Problem statement →
The copy must match the data below line for line and contain no images.

Collected material →
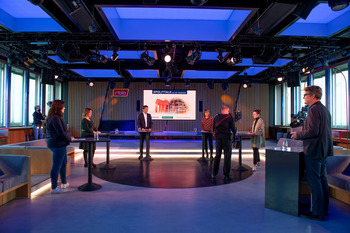 Blick ins Studio 14 des rbb während des Polittalks aus der Hauptstadt. Die Teilnehmerinnen und Teilnehmer der Diskussionen stehen im Halbkreis an Stehtischen und sehen sich an.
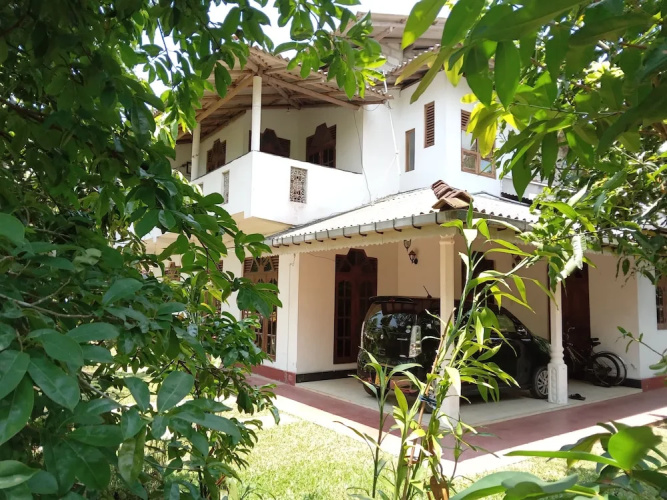 Charming 2-bed Apartment in Weligama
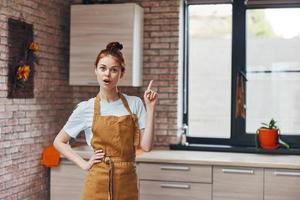 heiter Frau Küche Wohnung Küche Utensilien Innere Haushalt Konzept foto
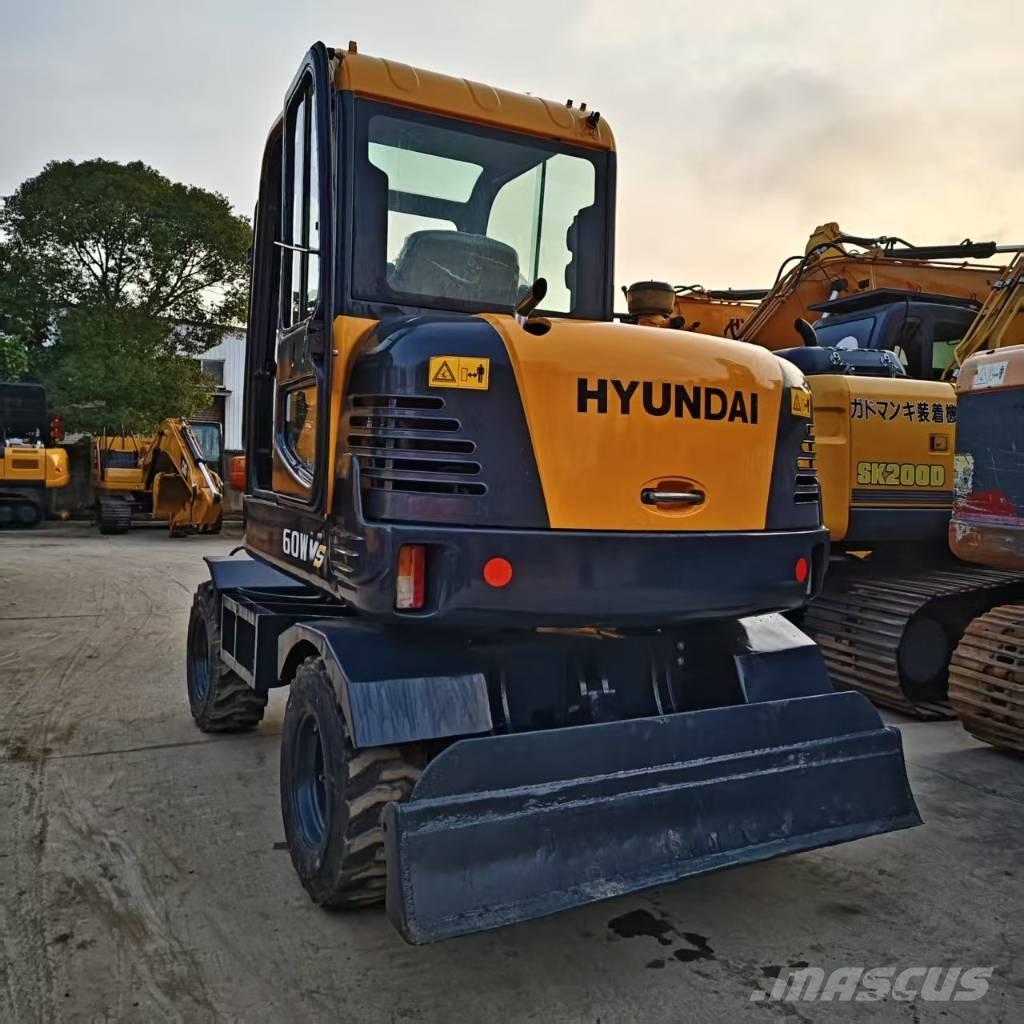 Hyundai R60W Ratasekskavaatorid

Exercise solution →
 Blick ins Studio 14 des rbb während des Polittalks aus der Hauptstadt. Die Teilnehmerinnen und Teilnehmer der Diskussionen stehen im Halbkreis an Stehtischen und sehen sich an.
 Charming 2-bed Apartment in Weligama
 heiter Frau Küche Wohnung Küche Utensilien Innere Haushalt Konzept foto
 Hyundai R60W Ratasekskavaatorid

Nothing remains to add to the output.